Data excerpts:
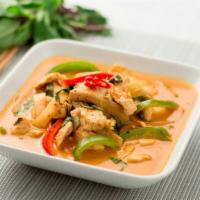 Red Curry   (Single Protein) · Sweet bell pepper, onion, carrot, potato, bamboo shoot, and thai basil.

Chicken, Beef, Pork...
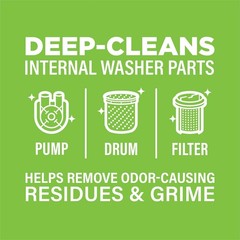 Affresh Washing Machine Cleaner, Helps Power Away Odor Causing Bacteria & Grime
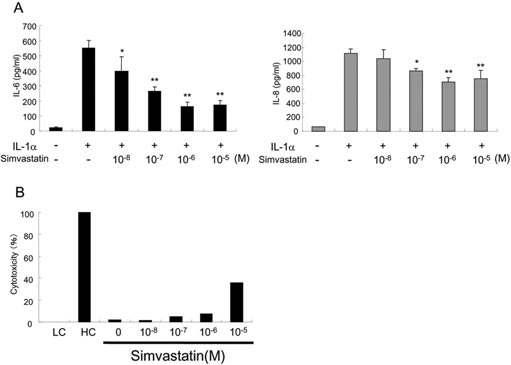 Dose-dependent effects of simvastatin on KB cells.
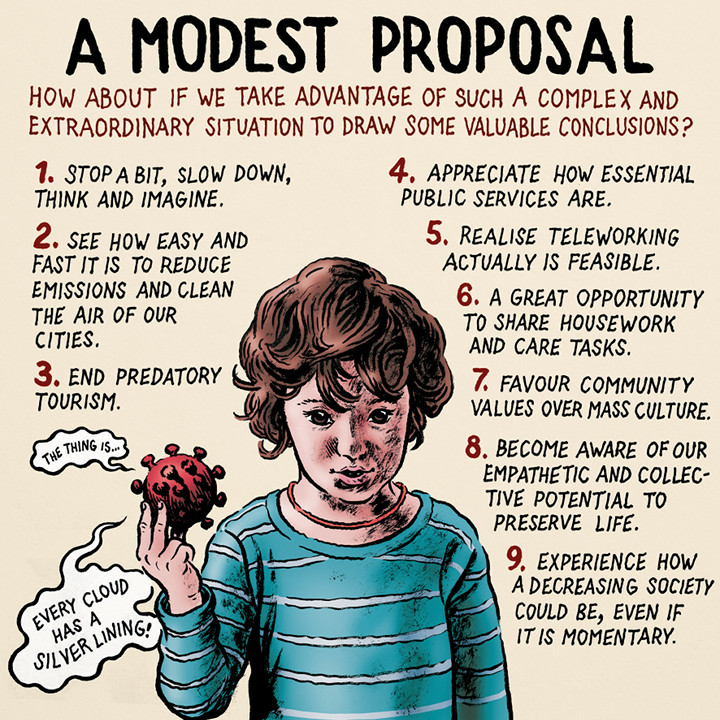 A Modest Proposal for dealing with coronavirus by Miguel Brieva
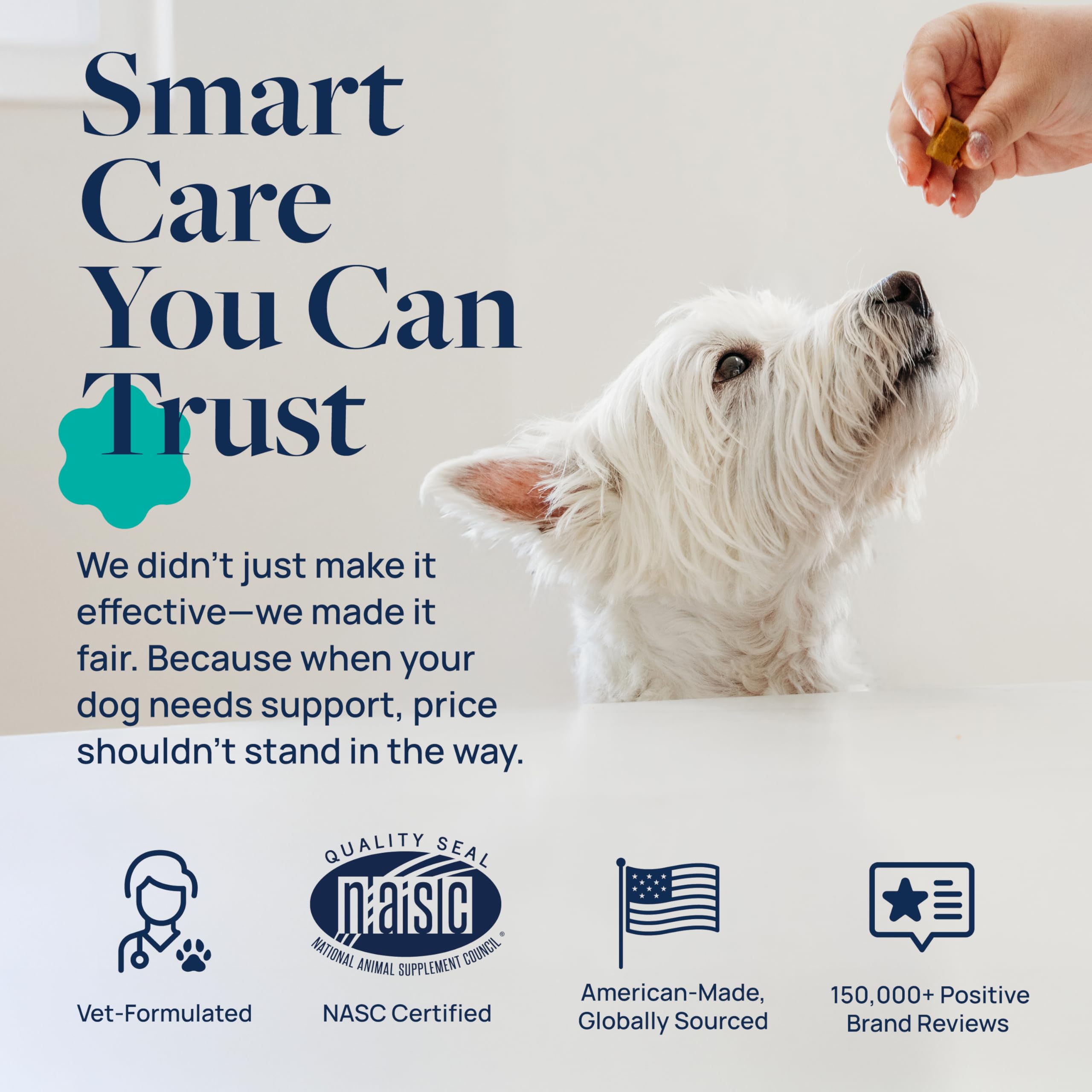 Veterinary Formula Gut Health Supplement for Dogs – Vet-Formulated Probiotic Chews with Digestive Enzymes & Fiber – Smart Vitality Supports Digestive Health, Gut Balance & Stool Quality, 60 Soft Chews - image 6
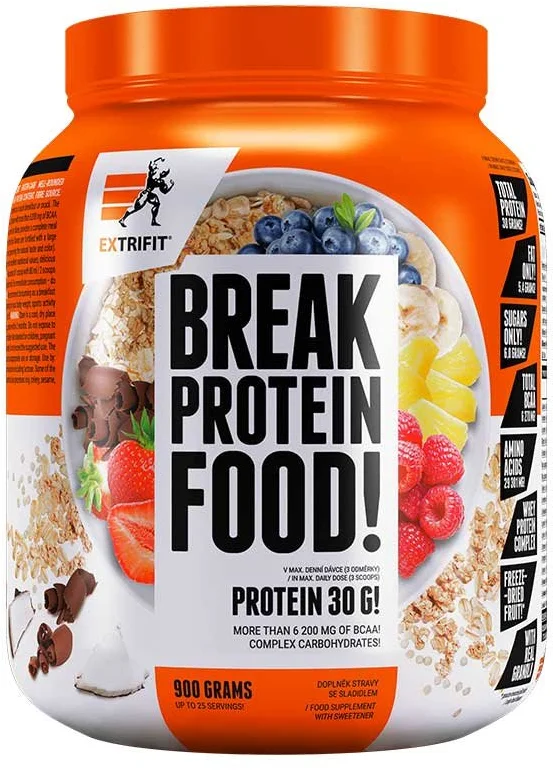 Extrifit Protein Break! 900 g - jahoda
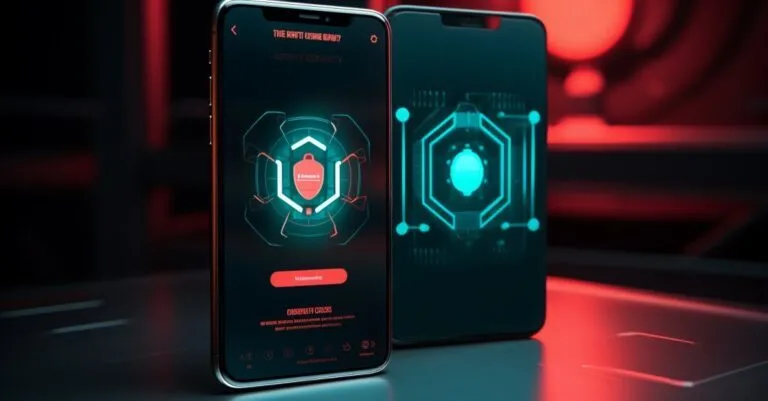 Avg Antivirus App Interface On Smartphone Screen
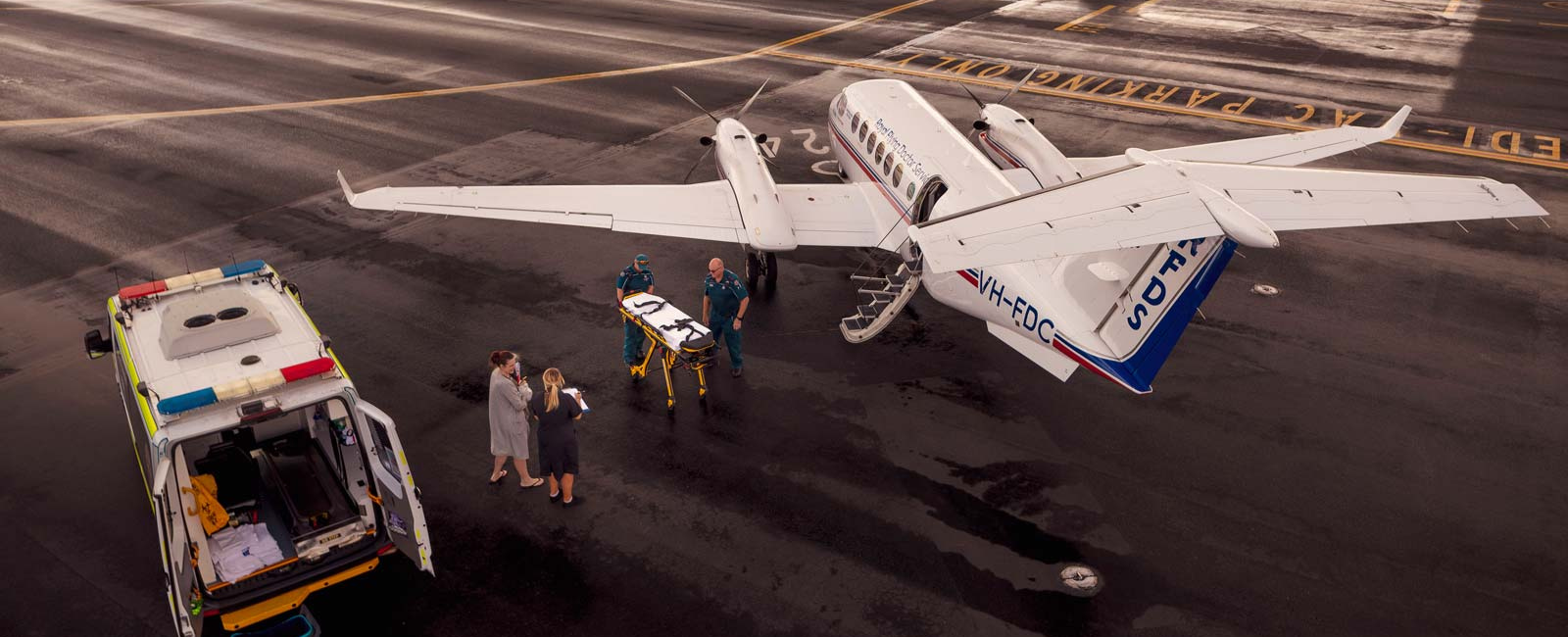 Royal Flying Doctor Service transporting patients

» Your task
Exact copy, no pictures: return the entries word for word.

» Answer to the problem
 Red Curry   (Single Protein) · Sweet bell pepper, onion, carrot, potato, bamboo shoot, and thai basil.

Chicken, Beef, Pork...
 Affresh Washing Machine Cleaner, Helps Power Away Odor Causing Bacteria & Grime
 Dose-dependent effects of simvastatin on KB cells.
 A Modest Proposal for dealing with coronavirus by Miguel Brieva
 Veterinary Formula Gut Health Supplement for Dogs – Vet-Formulated Probiotic Chews with Digestive Enzymes & Fiber – Smart Vitality Supports Digestive Health, Gut Balance & Stool Quality, 60 Soft Chews - image 6
 Extrifit Protein Break! 900 g - jahoda
 Avg Antivirus App Interface On Smartphone Screen
 Royal Flying Doctor Service transporting patients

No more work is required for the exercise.